Workhouse – three words – hell on earth.

Who worked in The Workhouse?

Master, Matron, school teacher and a part-time clerk. The ratio of staff to inmate was practically non-existent. Punishments were harsh. Riots might have happened but there was nowhere else to go.  We found out about one such riot at a Workhouse in Andover.

What were the jobs and punishments?

Jobs included:

  • Crush bones to make fertiliser
  • Breaking stones to make gravel for the roads for example.
  • Turning a mill, used to make flour and other products.
  • Cleaning the building (which was huge)

The jobs were not nice, laborious, slow, menial, boring, dull, lacking interest and sometimes painful. It must have felt degrading to do those jobs. Some people might have felt like they were dying. 

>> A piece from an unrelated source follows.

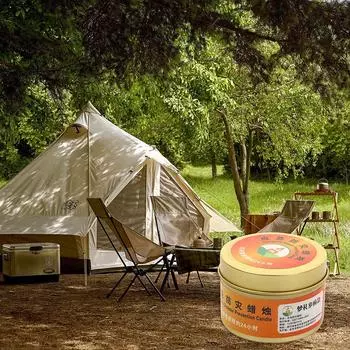 90G Аварийная свеча Предотвращение стихийных бедствий Отключение освещения Уличные бездымные свечи Железные банки Растительные свечи серебряный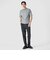 GIZA COTTON MOCK NECK KNIT TEE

Punishments such as solitary confinement were used and the first line of action was no food at the next meal. We read about one lady being sent to prison for 2 months for breaking a window.

We are really glad that we were not living in a place like that and worried that people must have suffered ill health, mental health and maybe even taken their own lives. It feels really sad. 

How could you end up in a Workhouse?

You could end up in the workhouse for many reasons; because you were robbed, your house burned down, you had a run of bad luck. To call the inmates idle and profligate could have been as an insult in itself because there was no kindness or thought that the person found their way there through no fault of their own, there was only suffering. (MasterKAF is thinking like a depressed philosopher!)

MrsDTB decided to end the session here as, to be honest, it was getting very sombre! We feel very lucky to be living in this day and age and have the opportunities that we do.